▶ What you should do:
Copy the listing that follows exactly. Its pictures do not belong in the copy.

[[ Entries provided, beginning ]]

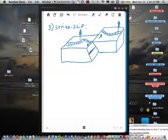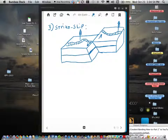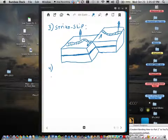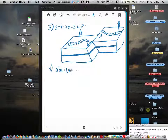As you're probably realizing, most faults are combinations of different movement types. But there is yet another type that we're going to be learning about. The fourth type I want to talk about today is called an oblique normal fault.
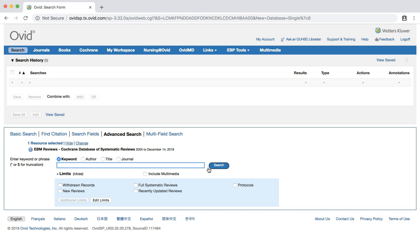The database includes two types of reviews: Cochrane Methodology Reviews, which are full text systematic reviews of methodological studies, and Protocols, which summarize the background and rationale of reviews currently in the process of being conducted.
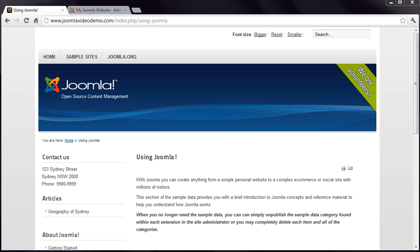Your exercise for this lesson is to experiment with your site by creating some modules and assigning them to one or all pages. Follow along with our workbook available from our homepage at www.buildajoomlawebsite.com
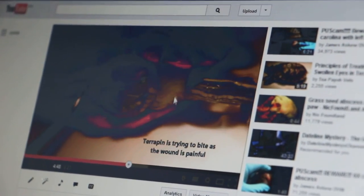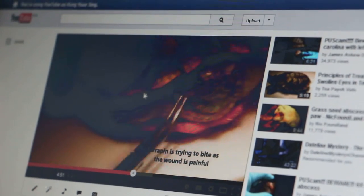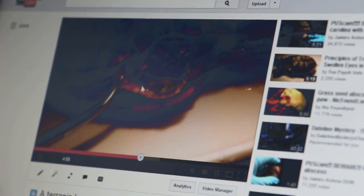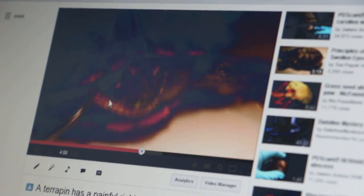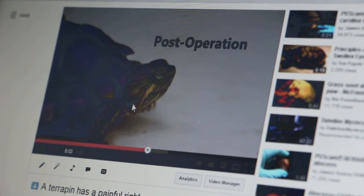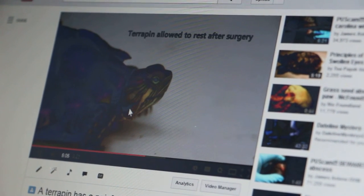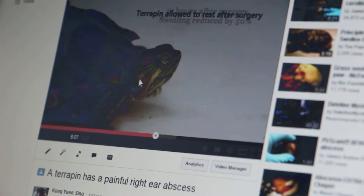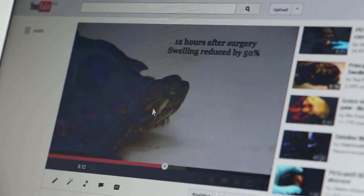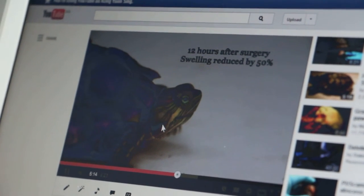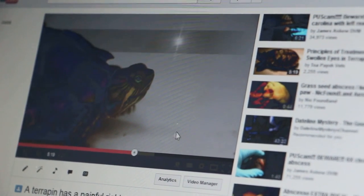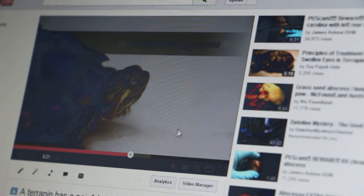The anesthesia must not be too long, otherwise the terrapin will die. Of course, the terrapin is not too happy with the procedure. This shows all the swelling. After the surgery, the terrapin was allowed to rest. 12 hours after surgery, the swelling had been reduced by 50% and the terrapin was stable. As a follow-up, the owner reported that 7 days after surgery the terrapin had started to eat — a very good sign — and was in fine shape.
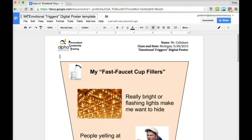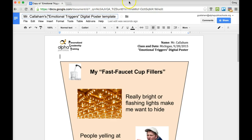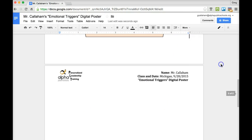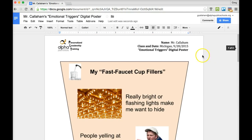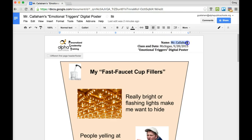So in this case, I'm Mr. Callahan. It should read 'Emotional Triggers Digital Poster' — it's not a template, so get rid of that. Then you want to change your name here to match your own. Obviously, I already have it all set up so I'm not going to change anything here, but you should now. So change the name here.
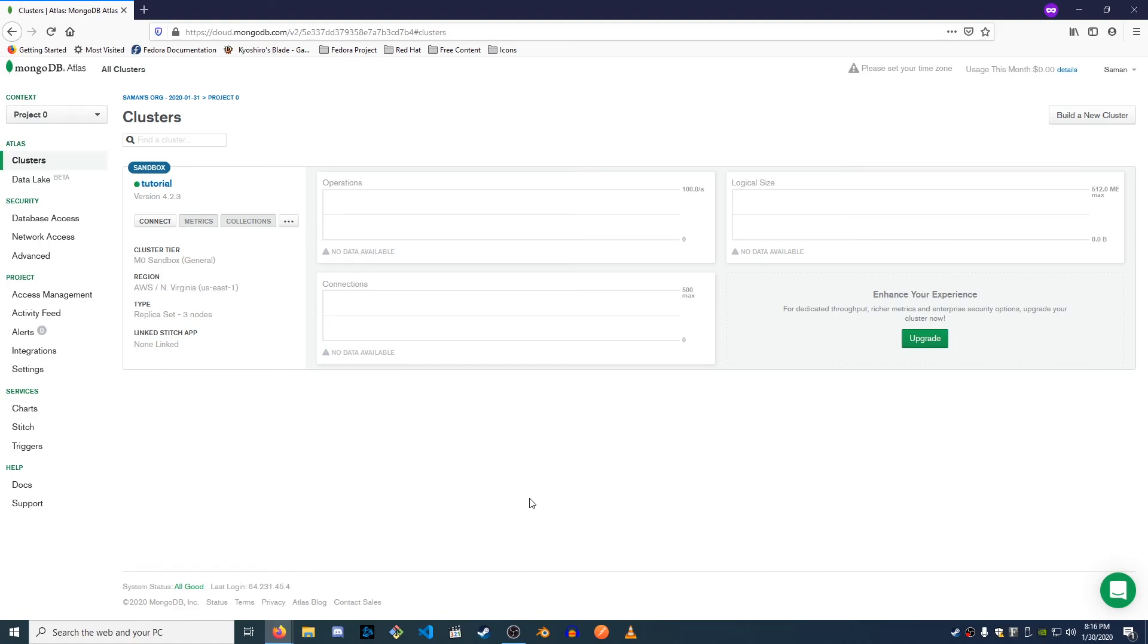So thanks for tuning back in. That's all for creating a Mongo database. It's ready to go. Now we can go back to the application and start plugging it in. All right. Thanks a lot, guys.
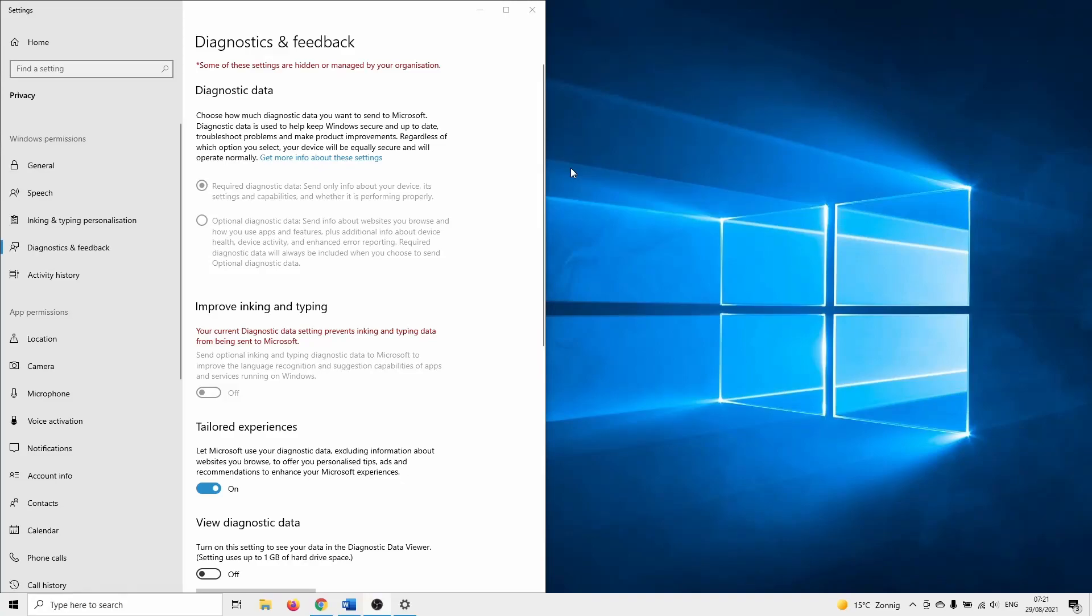Hello and welcome. In this short tutorial I'll show how to activate the optional diagnostic data in Windows 10. Optional diagnostic data is one of the settings that needs to be active if you want to download and install Windows 11 at this point in time.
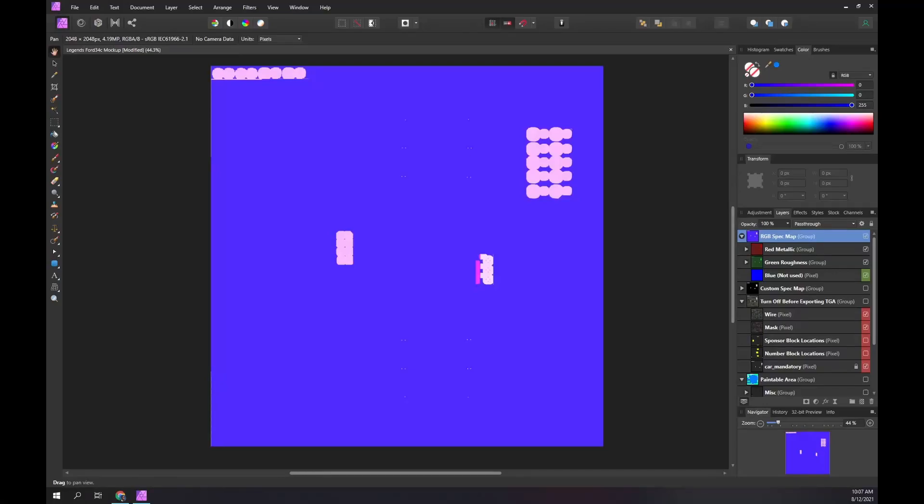When making a custom iRacing car paint, we can create two files: a car paint and an optional spec map.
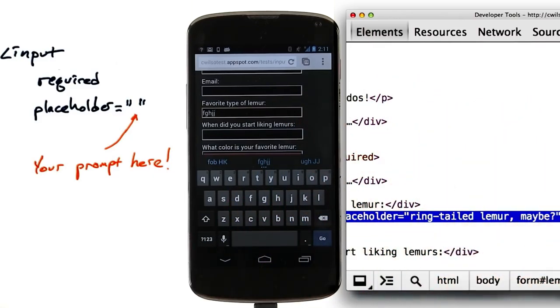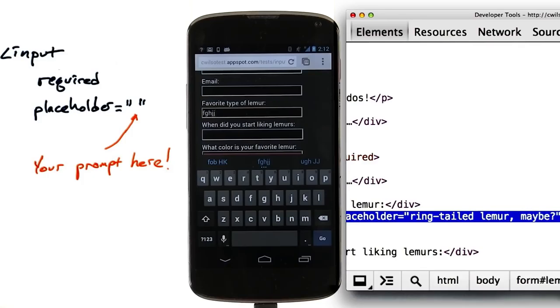None of this removes the need for server-side validation, of course. But it does make it easier for your users not to accidentally submit something that's not valid. And it doesn't require any JavaScript on your page to do that, or to provide placeholder text that gets out of the user's way.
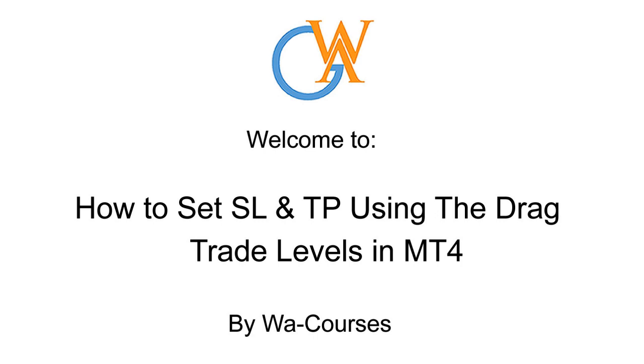Welcome to How to Set SL and TP Using the Drag Trade Levels in MT4 by WA Courses.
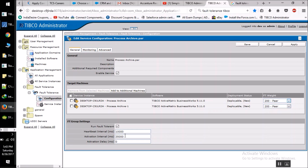The moment the secondary server stops getting the heartbeat, it is a clear indication that the primary server has gone down and the secondary starts working as the primary server. Activation interval tells us how much time it would take for the secondary server to start itself once the primary server is down. Activation delay configures the time between the master going down and coming back up again.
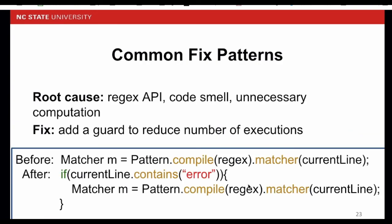A common fix for performance issues is to reduce the number of regex execution by adding a guard statement. In the context of this example, if most of the current line does not contain error, we don't need to do the regex matching. Because regex matching has more overhead than string operations, adding the if condition here can improve the performance.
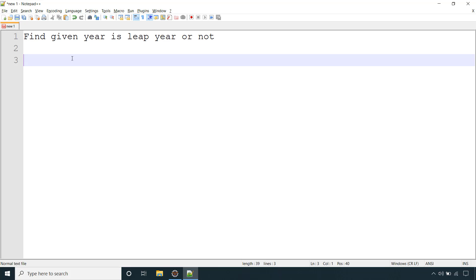Hello and welcome back. In this video we will see how to find if the given year is a leap year or not using Java.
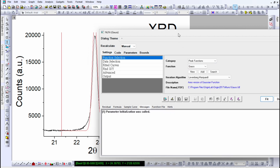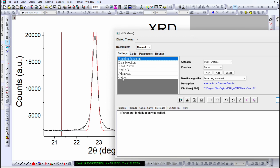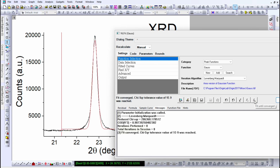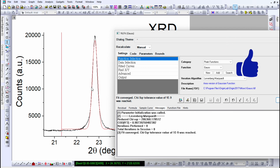Once you set the Gaussian peak function, it will automatically start to perform the fitting. You can find the option 'Fit Until Converge' — click on it and it will perform the best fitting using the Gaussian function on this XRD peak.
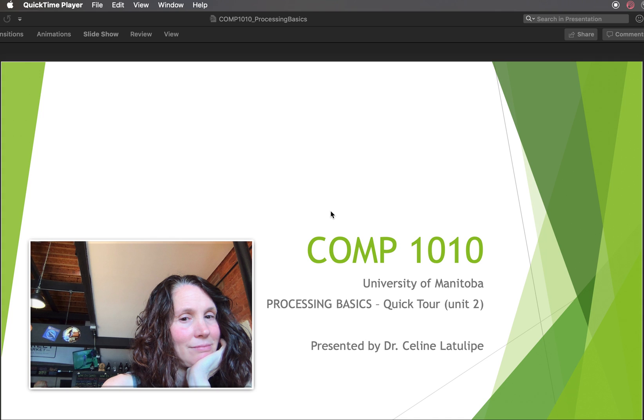Hi, this is Comp 1010 at the University of Manitoba, and I'm Dr. Selene LaTulip. Today I'm going to give you a quick tour of processing. So let's get started.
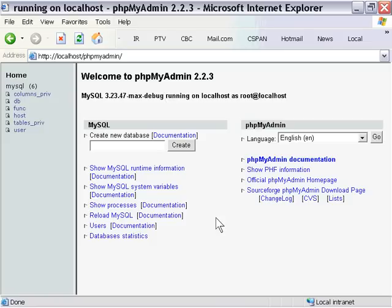Let's go ahead and create a database now. We're going to create a very simple database application, a phone book application. So that's what we're going to name our new database.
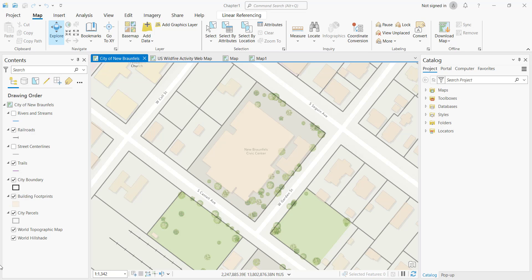Anytime you run a geoprocessing tool, that information is going to be logged and it will be available to you through the History Pane.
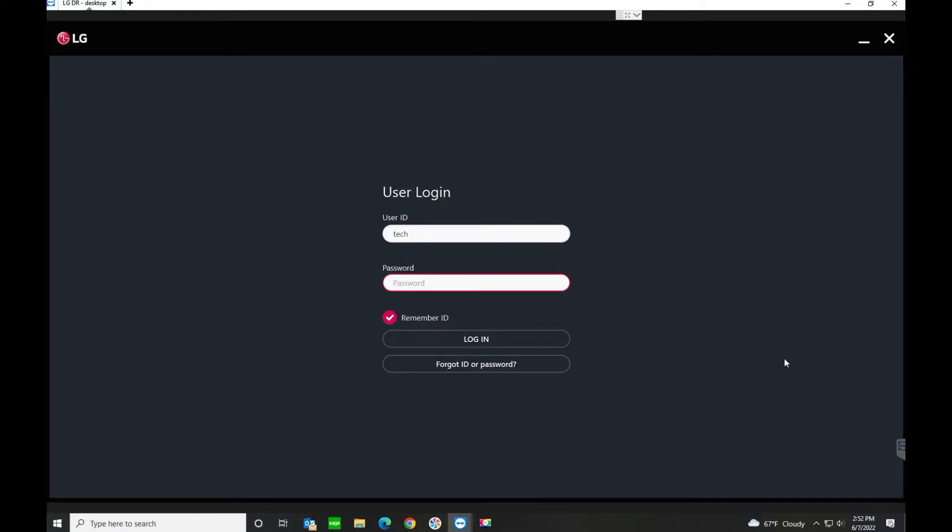In this video we're going to be going through the new LG version 3.0 advanced workstation software for the LG DR systems.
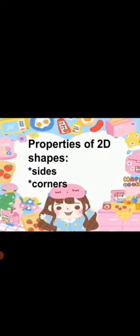Now we are going to discuss about the properties of 2D shapes like sides and corners. This is rectangle. Let's count the sides of rectangle.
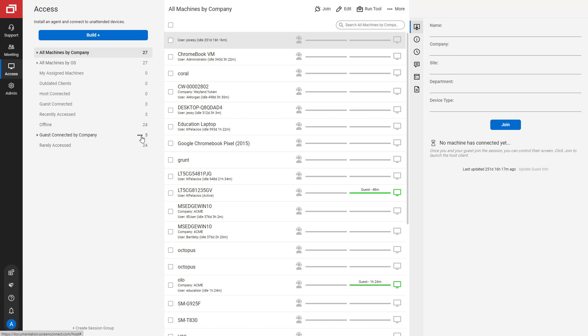Hover over the right side of a session group to show the ellipsis icon. Click the icon to bring up a menu. Using this menu, you can edit, delete, move, or clone a session group.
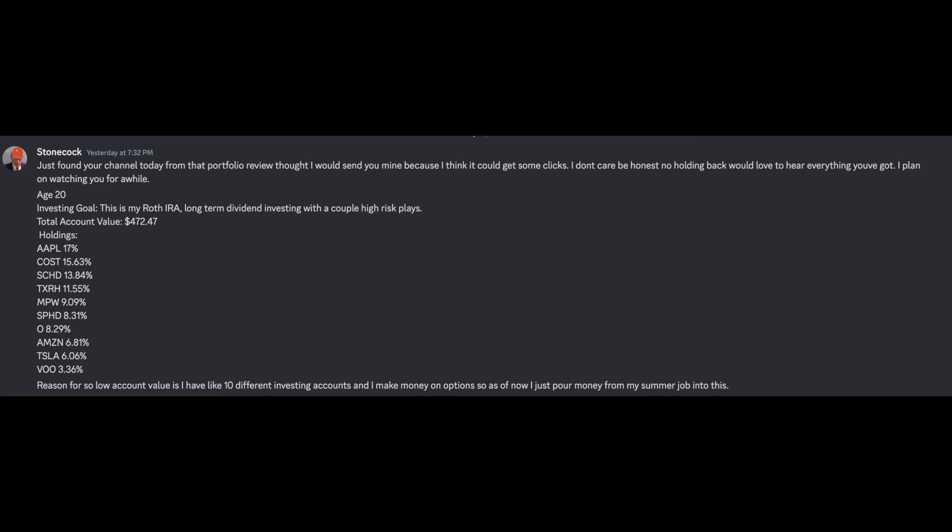So obviously I don't love this holding. The next holding is SPHD, which makes up 8.31% of the portfolio. This is a high dividend, low volatility ETF, and I'm just not a fan of this. You're 20 years old. I think we have a lot of room for compounding and I think just being afraid of volatility at this point and sacrificing a lot of compounding in the process isn't the way to go. I'm not a fan of this holding.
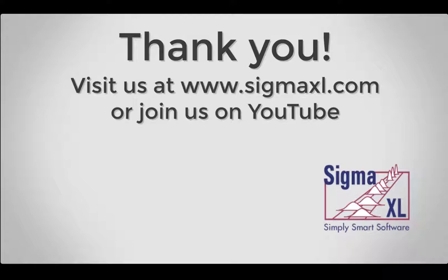This concludes the Sigma Excel video tutorial for binary logistic regression. For more videos, visit us at www.sigmaexcel.com or join us on our YouTube page. Thank you for watching.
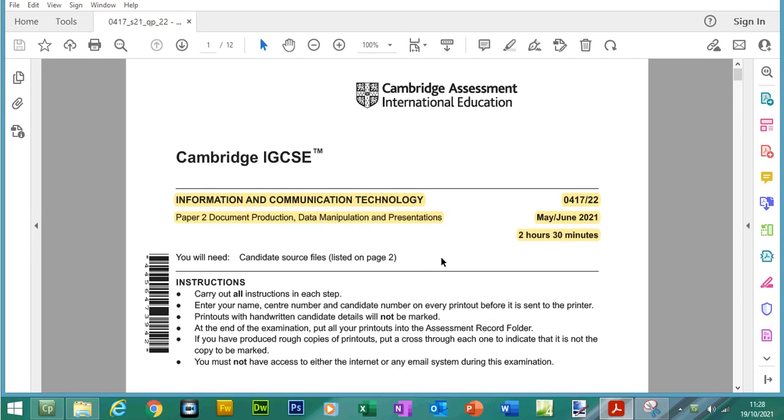Hello and welcome back to my YouTube channel, my name is Yasser Ahmed. In this video we will finish off paper 2 from the CIE ICT IGCSE course and we are going to be doing presentations.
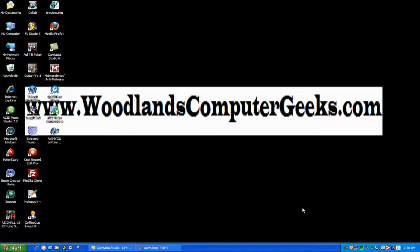Hello, this is David at WoodlandsComputerGeeks.com and today we're going to show you how to delete items from your start menu. If your computer is slow on startup or when you reboot or log into Windows, if it seems like it takes forever to finally get calmed down and the hourglass goes away to where you can start working...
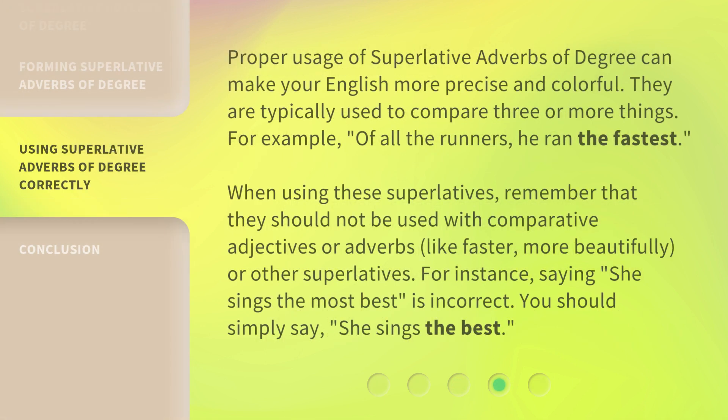Proper usage of superlative adverbs of degree can make your English more precise and colorful. They are typically used to compare three or more things — for example, 'of all the runners, he ran the fastest.' When using these superlatives, remember that they should not be used with comparative adjectives or adverbs like 'faster' or 'more beautifully,' or other superlatives. For instance, saying 'she sings the most best' is incorrect. You should simply say 'she sings the best.'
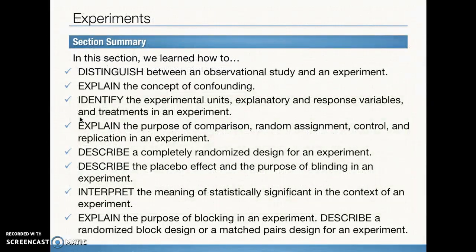We covered a lot of objectives in this section. Don't forget to read your textbook — it has tons of information. Do all your practice problems to get the practice, especially designing experiments and making sure you know all of those definitions. See you back in class.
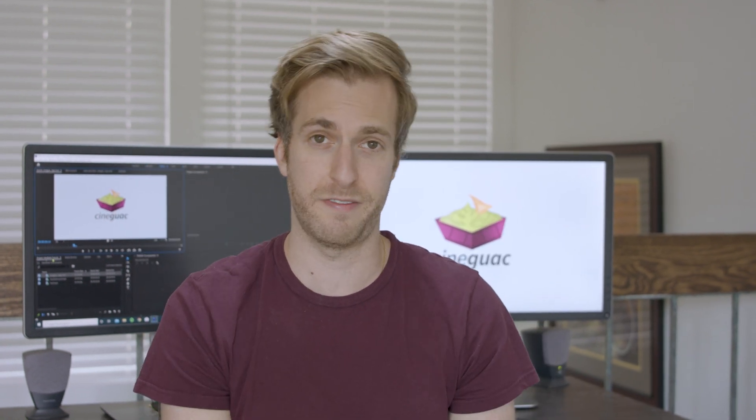What's going on guys? Welcome back to CineGuac. Today I'm going to show you how to take this static tripod shot and give it this realistic handheld effect. Let's move to Premiere.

[[ Entries provided, end ]]

▶ Response below:
As you're probably realizing, most faults are combinations of different movement types. But there is yet another type that we're going to be learning about. The fourth type I want to talk about today is called an oblique normal fault.
The database includes two types of reviews: Cochrane Methodology Reviews, which are full text systematic reviews of methodological studies, and Protocols, which summarize the background and rationale of reviews currently in the process of being conducted.
Your exercise for this lesson is to experiment with your site by creating some modules and assigning them to one or all pages. Follow along with our workbook available from our homepage at www.buildajoomlawebsite.com
The anesthesia must not be too long, otherwise the terrapin will die. Of course, the terrapin is not too happy with the procedure. This shows all the swelling. After the surgery, the terrapin was allowed to rest. 12 hours after surgery, the swelling had been reduced by 50% and the terrapin was stable. As a follow-up, the owner reported that 7 days after surgery the terrapin had started to eat — a very good sign — and was in fine shape.
So in this case, I'm Mr. Callahan. It should read 'Emotional Triggers Digital Poster' — it's not a template, so get rid of that. Then you want to change your name here to match your own. Obviously, I already have it all set up so I'm not going to change anything here, but you should now. So change the name here.
So thanks for tuning back in. That's all for creating a Mongo database. It's ready to go. Now we can go back to the application and start plugging it in. All right. Thanks a lot, guys.
Hello and welcome. In this short tutorial I'll show how to activate the optional diagnostic data in Windows 10. Optional diagnostic data is one of the settings that needs to be active if you want to download and install Windows 11 at this point in time.
When making a custom iRacing car paint, we can create two files: a car paint and an optional spec map.
None of this removes the need for server-side validation, of course. But it does make it easier for your users not to accidentally submit something that's not valid. And it doesn't require any JavaScript on your page to do that, or to provide placeholder text that gets out of the user's way.
Welcome to How to Set SL and TP Using the Drag Trade Levels in MT4 by WA Courses.
The moment the secondary server stops getting the heartbeat, it is a clear indication that the primary server has gone down and the secondary starts working as the primary server. Activation interval tells us how much time it would take for the secondary server to start itself once the primary server is down. Activation delay configures the time between the master going down and coming back up again.
A common fix for performance issues is to reduce the number of regex execution by adding a guard statement. In the context of this example, if most of the current line does not contain error, we don't need to do the regex matching. Because regex matching has more overhead than string operations, adding the if condition here can improve the performance.
Hello and welcome back. In this video we will see how to find if the given year is a leap year or not using Java.
Once you set the Gaussian peak function, it will automatically start to perform the fitting. You can find the option 'Fit Until Converge' — click on it and it will perform the best fitting using the Gaussian function on this XRD peak.
Hi, this is Comp 1010 at the University of Manitoba, and I'm Dr. Selene LaTulip. Today I'm going to give you a quick tour of processing. So let's get started.
Let's go ahead and create a database now. We're going to create a very simple database application, a phone book application. So that's what we're going to name our new database.
Anytime you run a geoprocessing tool, that information is going to be logged and it will be available to you through the History Pane.
In this video we're going to be going through the new LG version 3.0 advanced workstation software for the LG DR systems.
Now we are going to discuss about the properties of 2D shapes like sides and corners. This is rectangle. Let's count the sides of rectangle.
Hover over the right side of a session group to show the ellipsis icon. Click the icon to bring up a menu. Using this menu, you can edit, delete, move, or clone a session group.
So obviously I don't love this holding. The next holding is SPHD, which makes up 8.31% of the portfolio. This is a high dividend, low volatility ETF, and I'm just not a fan of this. You're 20 years old. I think we have a lot of room for compounding and I think just being afraid of volatility at this point and sacrificing a lot of compounding in the process isn't the way to go. I'm not a fan of this holding.
This concludes the Sigma Excel video tutorial for binary logistic regression. For more videos, visit us at www.sigmaexcel.com or join us on our YouTube page. Thank you for watching.
Hello and welcome back to my YouTube channel, my name is Yasser Ahmed. In this video we will finish off paper 2 from the CIE ICT IGCSE course and we are going to be doing presentations.
Hello, this is David at WoodlandsComputerGeeks.com and today we're going to show you how to delete items from your start menu. If your computer is slow on startup or when you reboot or log into Windows, if it seems like it takes forever to finally get calmed down and the hourglass goes away to where you can start working...
Proper usage of superlative adverbs of degree can make your English more precise and colorful. They are typically used to compare three or more things — for example, 'of all the runners, he ran the fastest.' When using these superlatives, remember that they should not be used with comparative adjectives or adverbs like 'faster' or 'more beautifully,' or other superlatives. For instance, saying 'she sings the most best' is incorrect. You should simply say 'she sings the best.'
We covered a lot of objectives in this section. Don't forget to read your textbook — it has tons of information. Do all your practice problems to get the practice, especially designing experiments and making sure you know all of those definitions. See you back in class.
What's going on guys? Welcome back to CineGuac. Today I'm going to show you how to take this static tripod shot and give it this realistic handheld effect. Let's move to Premiere.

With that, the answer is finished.